レモン果皮油(A)中には、テルペン系炭化水素が90wt.%以上含まれる。この大部分を除去するよう蒸留するのが好ましく、すなわち、レモン果皮油(A)から精密蒸留等を行った後の濃縮油(A’)がレモン果皮油の重量の10wt.%程度になるまで精密蒸留等を行うことが好ましい。このような精密蒸留の条件としては、6,500Pa〜1,300Pa、60℃〜120℃、還流比5/10(留出/還流)の条件が例示できる。また、精密蒸留の残渣部から含酸素成分の一部を除く薄膜蒸留の条件としては、260Pa〜133Pa、50℃〜105℃の条件が例示できる。このような条件で蒸留を行うと、レモン果皮油(A)の体積に対して、約2〜5wt.%、好ましくは3〜4wt.%程度の蒸留残渣(B)が得られる。

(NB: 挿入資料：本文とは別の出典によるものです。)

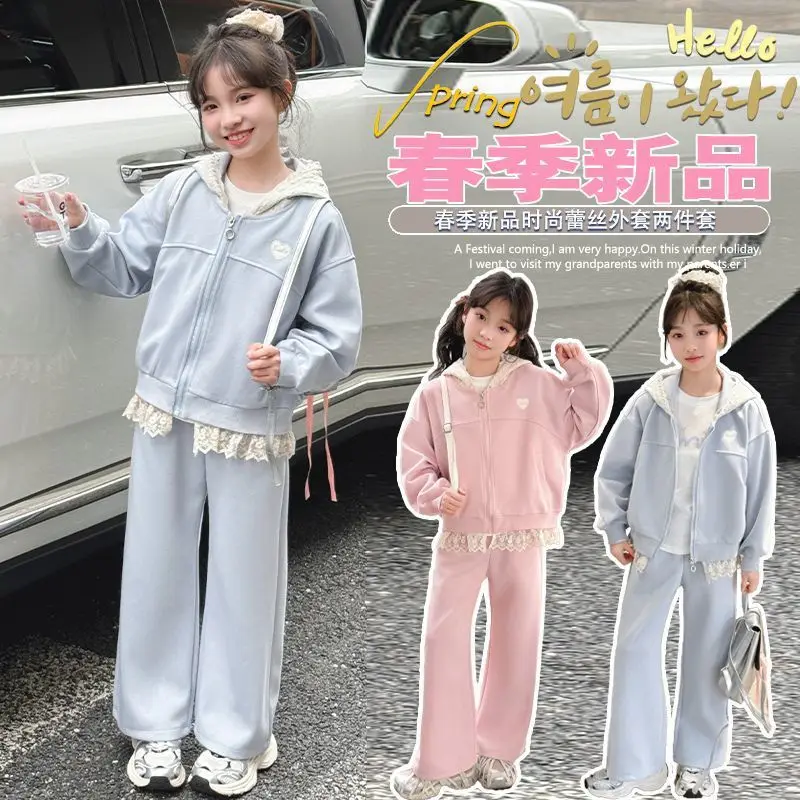 

Kawaii модная куртка на молнии с капюшоном для девочек, комплект брюк, студенческий осенний повседневный топ, широкие брюки, комплект из 2 предметов, детская одежда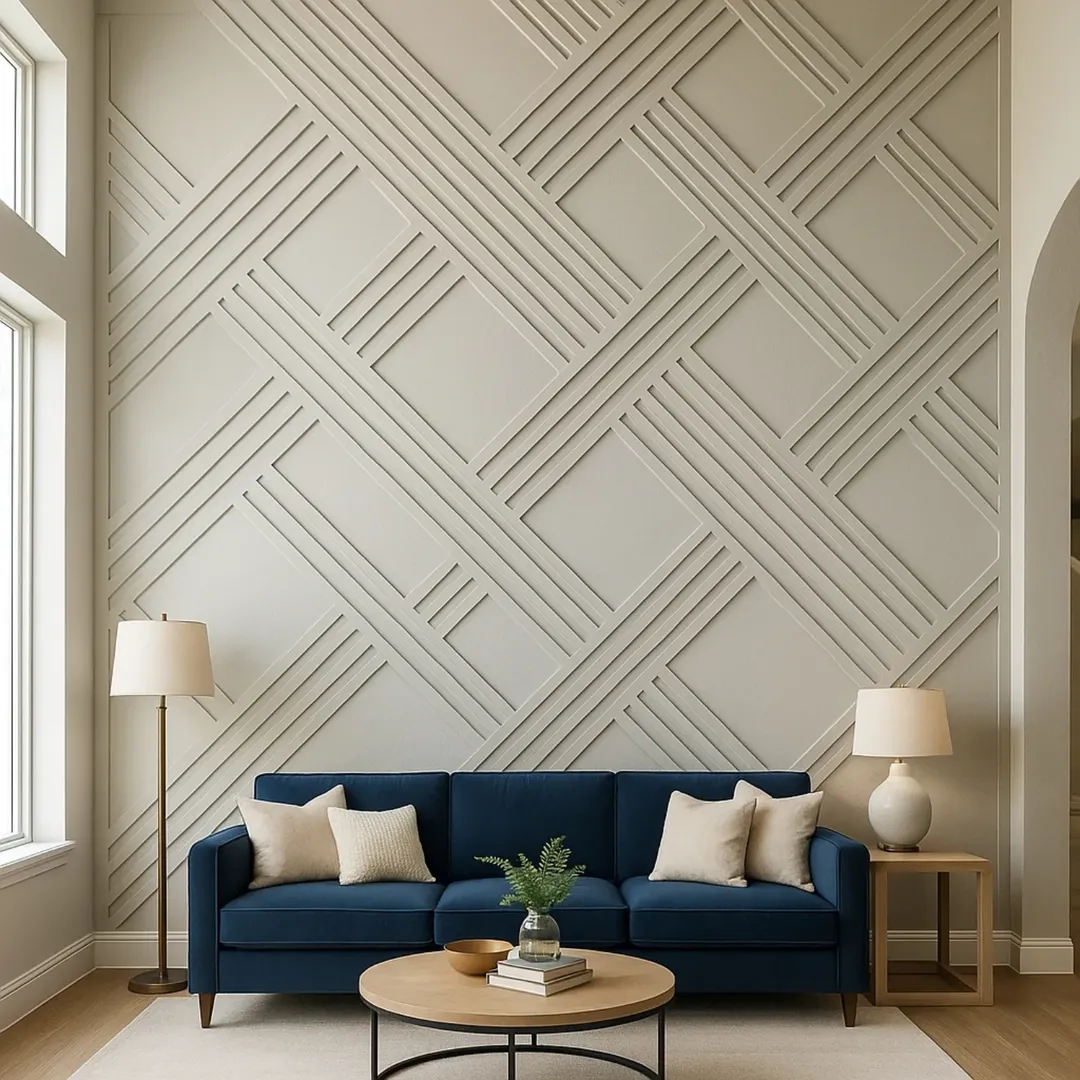 Diagonal Grid Plaster Feature Wall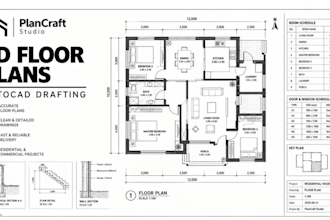 create autocad 2d floor plan, city permit drawing, mep, hvac drawing in autocad
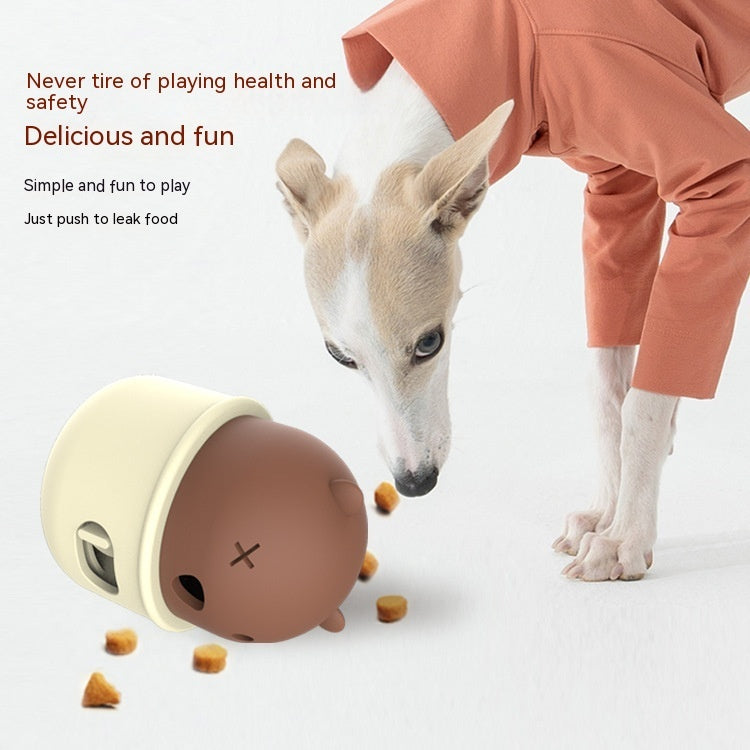 KFX-2889405 Adjustable Pet Food Leaker Ball for Dogs and Cats - Interactive Chew Toy Made from Durable Silicone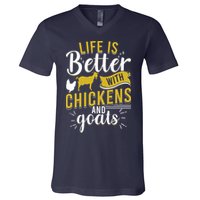 Goats Chickens Life Is Better Funny Farmer Humor Ranch V-Neck T-Shirt
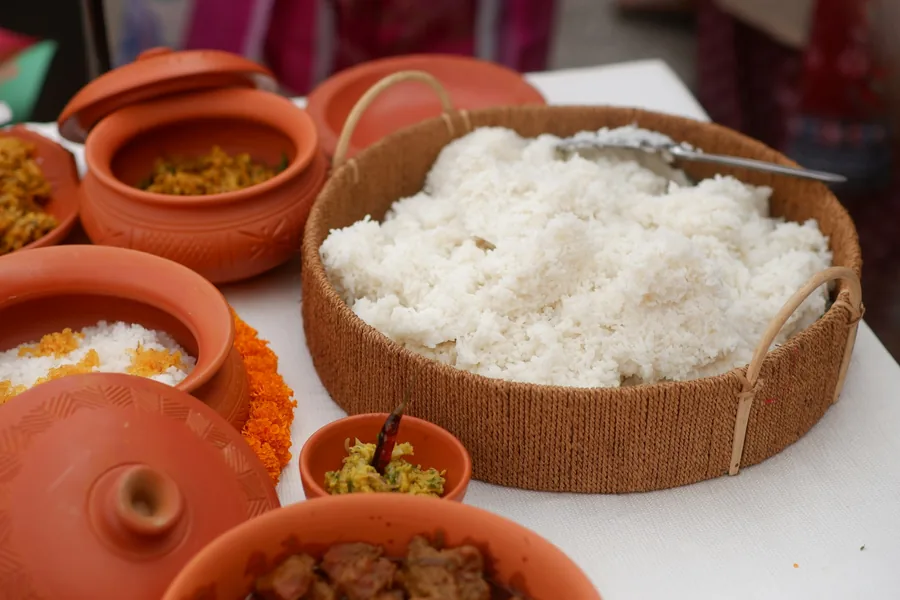 A large basket of rice served for a group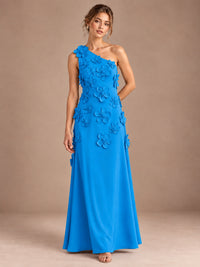Blue- One Shoulder Satin Formal Maxi Dress with 3D Floral
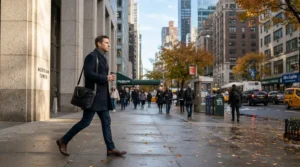 A professional in a slim men's down jacket for daily commuting walking briskly down a Chicago sidewalk to the office.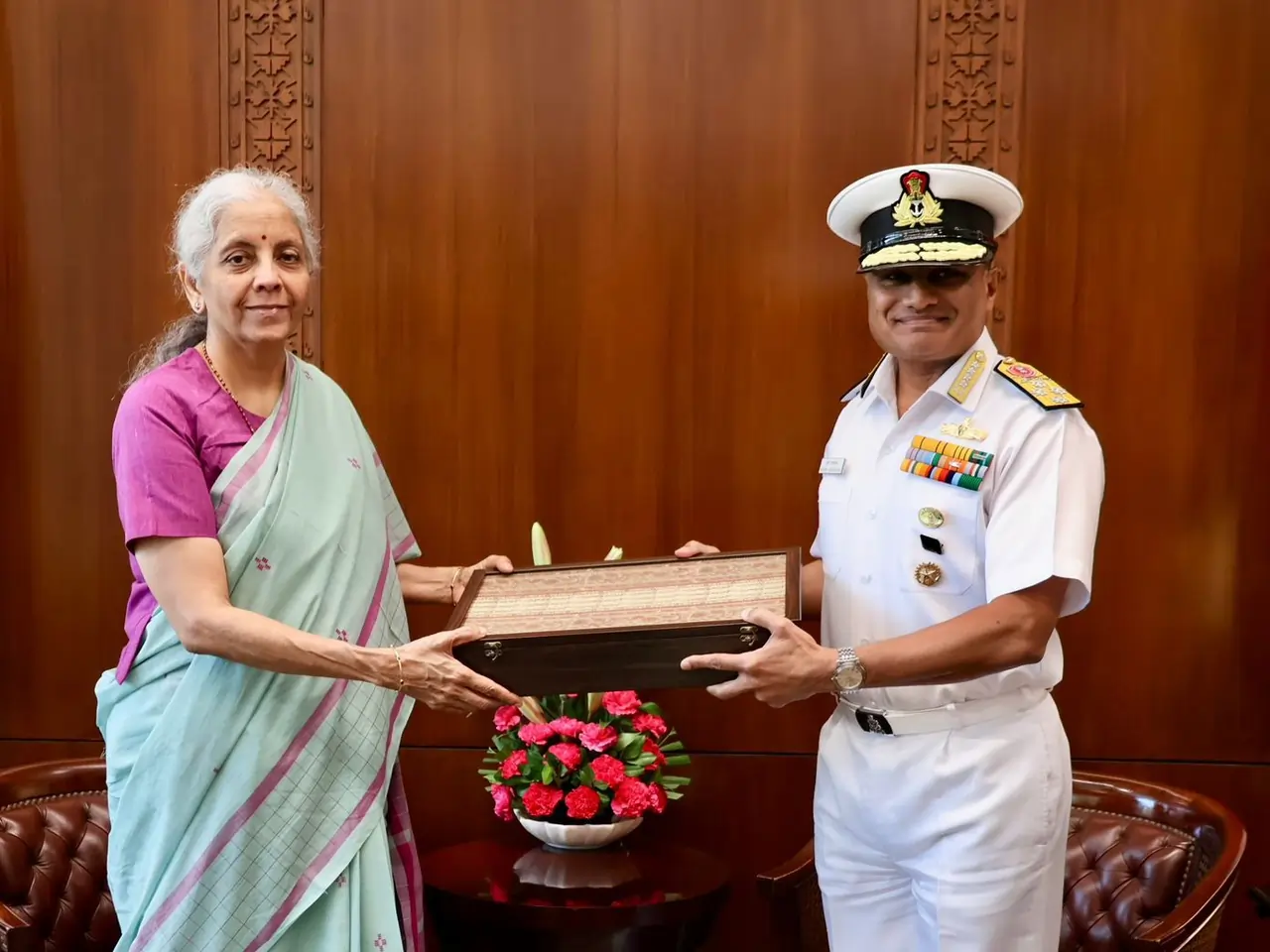 Nirmala Sitharaman and Admiral Swaminathan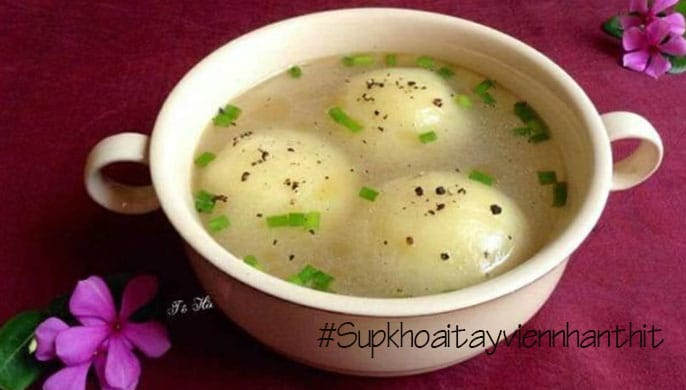 lam sup khoai tay vien nhan thit cho be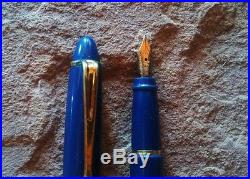AURORA Italy Fountain Pen 14K Dark Blue Body Fine Point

香味付与剤として利用可能な本発明の組成物は、比較的低沸点の香気成分と、より高沸点の主に味に寄与する成分を含有することから、薄膜蒸留の原材料となる蒸留残渣(B)には香気成分をある程度残存させておく必要がある。香気成分の残存量は、シトラール含有量を指標とした場合、一般に500〜7,000ppmが適切であり、より好ましくは2,000〜5,000ppmである。
【0012】
〔2〕薄膜蒸留
本発明の組成物は、上記のとおり、レモン果皮油(A)から蒸留により低沸点香気成分の一部を除去した後の蒸留残渣(B)を薄膜蒸留することにより得られる。蒸留残渣(B)で使用される薄膜蒸留とは、分子蒸留に準じる高真空条件下での蒸留を言う。分子蒸留とは、高真空条件下での蒸留であって、蒸発した分子が他の分子と衝突を起こさず冷却面へ到達して凝縮するような蒸留による精製方法を言う。本発明で使用される薄膜蒸留において使用される装置或いは器具については、かかる精製方法が適用できる装置等であればその種類は問わない。実生産に供される装置であって入手可能なものとしては、一般的に回分式又は連続式薄膜蒸留装置があり、形式により流下薄膜式蒸留装置、遠心薄膜式蒸留装置に分類される。これらの装置の中でも安定した薄膜状態を形成できる観点から遠心薄膜式蒸留装置、特に連続式遠心薄膜式蒸留装置を使用することが好ましい。
【0013】
本発明の組成物、すなわち蒸留残渣(B)の薄膜蒸留の留出物(C)の製造に適用される薄膜蒸留の条件は、一般的には圧力条件が5〜300Pa、蒸発温度40〜280℃であるが、より好ましくは15〜110Pa、蒸発温度110〜210℃である。蒸発温度が210℃を超えると留出物に加熱臭が生じ、飲食品への添加量によっては異味が感じられる場合がある。また、蒸発温度が110℃より低いと留出物に香気成分を多く含むようになり、相対的に味への効果が弱くなる傾向がある。蒸留残渣の薄膜蒸留は、1回の操作で全ての留出物を得ることもできるが、圧力と温度が異なる条件で2段階かそれ以上に分けて留出物を得ることが好ましい。薄膜蒸留を2段階に分けて行う場合は、比較的高めの圧力下で最初の蒸留を行って香気成分を多く含む留分(第一留分)と残渣部に分け、2段階目の蒸留で残渣部から主に味に寄与する高沸点成分を含む留分(第二留分)を得る。各留分を適切な比率で混合することにより、より好ましい香味を有する香味付与剤とすることができる。2段階に分ける場合の蒸留条件としては、最初の蒸留を60〜110Pa、110〜150℃で行い、2段階目の蒸留を15〜60Pa、150〜210℃で行う場合が例示される。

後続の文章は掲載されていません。